EXCERPTED RECORDS:
- Opening Delimiter -

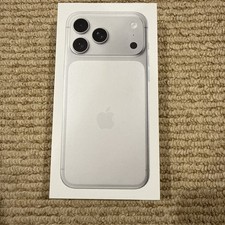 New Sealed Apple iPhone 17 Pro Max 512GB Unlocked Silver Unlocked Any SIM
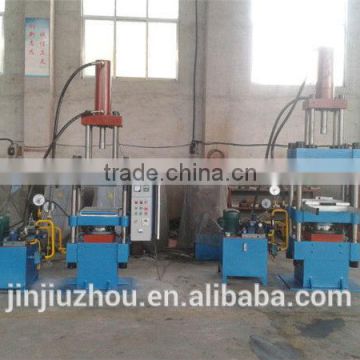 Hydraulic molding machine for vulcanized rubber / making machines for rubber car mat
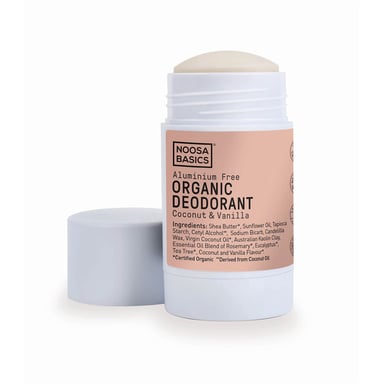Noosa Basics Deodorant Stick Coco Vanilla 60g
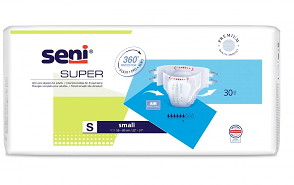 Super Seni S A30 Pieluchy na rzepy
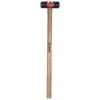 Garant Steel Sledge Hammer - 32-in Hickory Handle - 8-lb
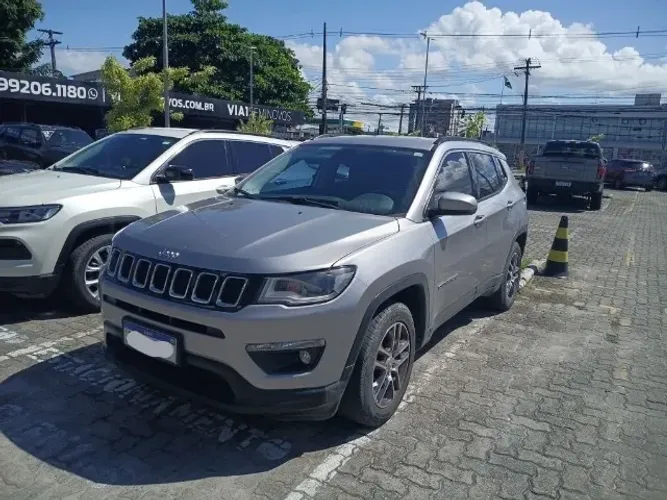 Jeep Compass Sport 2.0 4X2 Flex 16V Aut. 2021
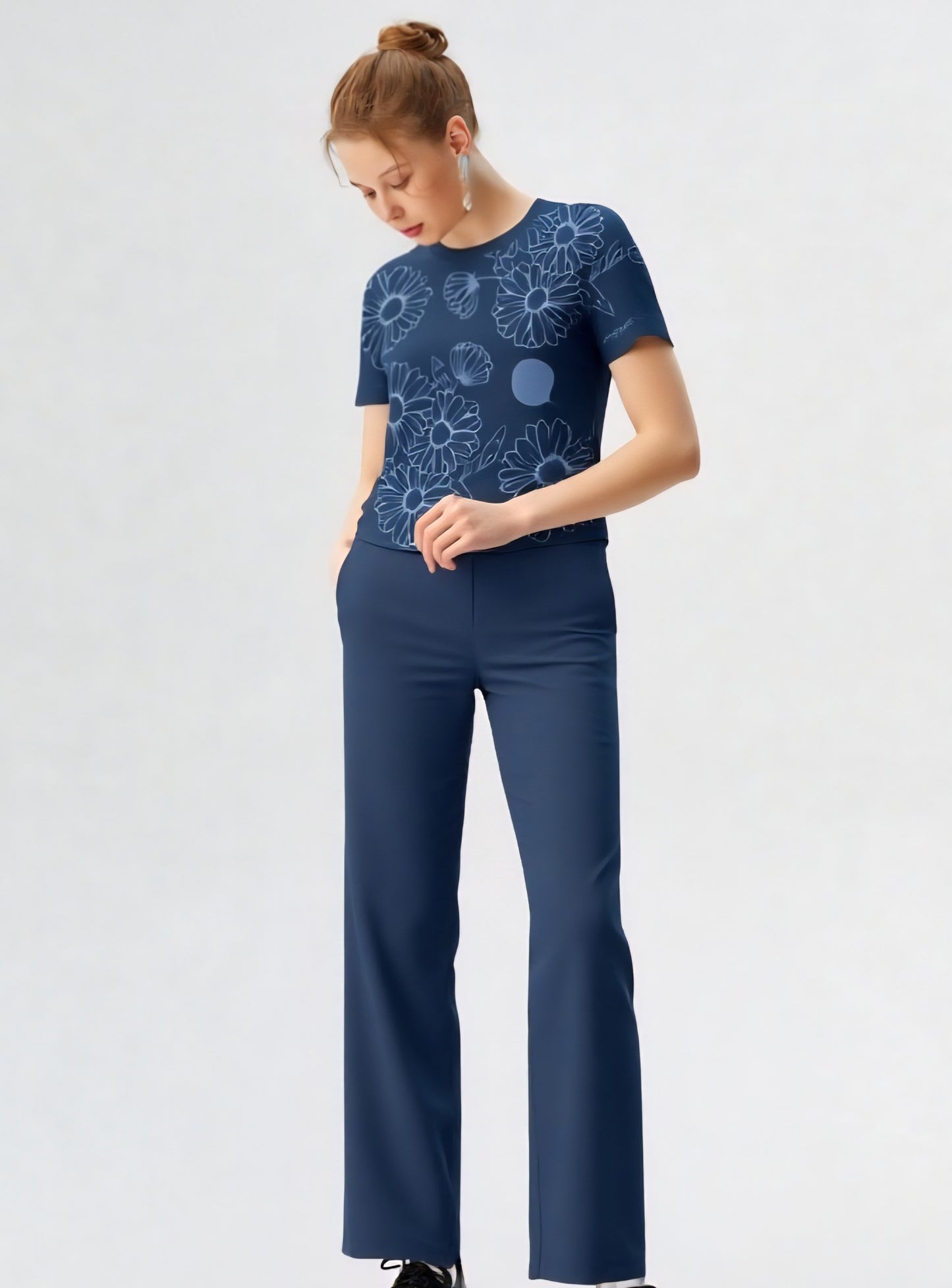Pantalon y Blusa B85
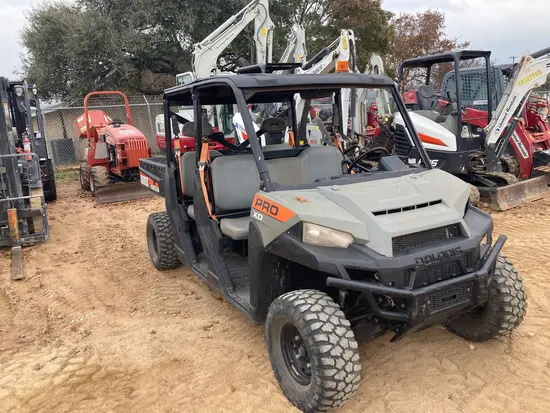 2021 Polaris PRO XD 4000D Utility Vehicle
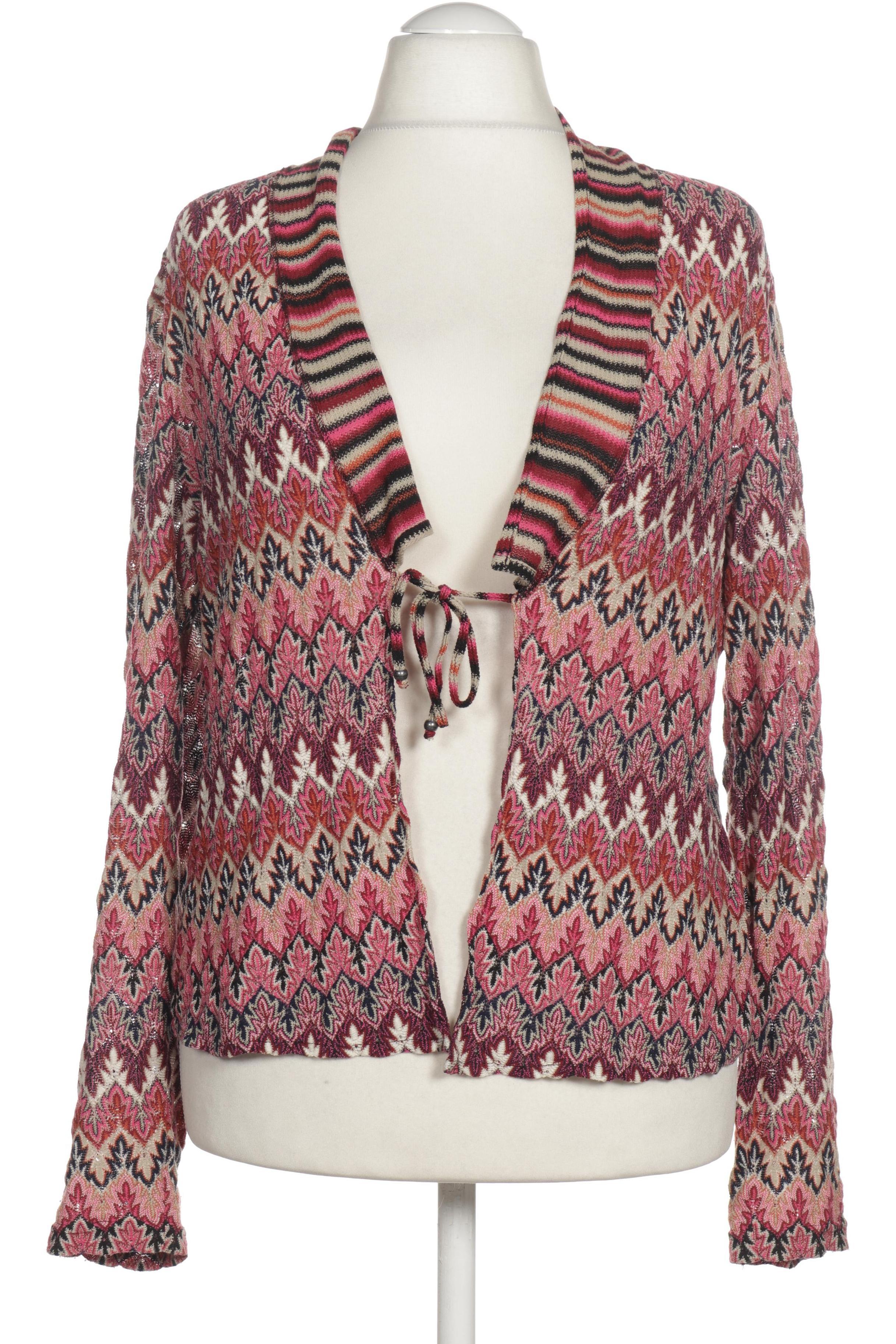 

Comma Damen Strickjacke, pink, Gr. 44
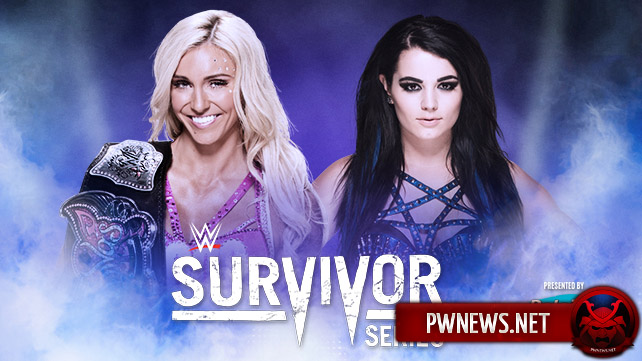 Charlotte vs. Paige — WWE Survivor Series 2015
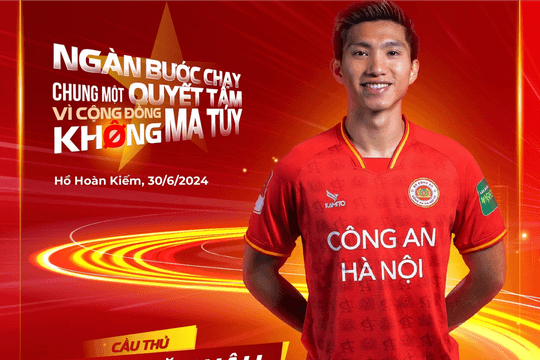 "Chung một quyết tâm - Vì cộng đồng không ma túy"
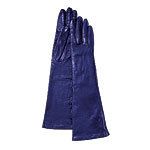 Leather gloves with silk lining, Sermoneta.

- Closing Delimiter -

EXERCISE AIM: Could you set down word for word each line from the one holding "Super Seni S A30 Pieluchy na rzepy" through the end of the material above, without any pictures?

ANSWER TO THIS EXERCISE:
 Super Seni S A30 Pieluchy na rzepy
 Garant Steel Sledge Hammer - 32-in Hickory Handle - 8-lb
 Jeep Compass Sport 2.0 4X2 Flex 16V Aut. 2021
Pantalon y Blusa B85
 2021 Polaris PRO XD 4000D Utility Vehicle

Comma Damen Strickjacke, pink, Gr. 44
 Charlotte vs. Paige — WWE Survivor Series 2015
 "Chung một quyết tâm - Vì cộng đồng không ma túy"
 Leather gloves with silk lining, Sermoneta.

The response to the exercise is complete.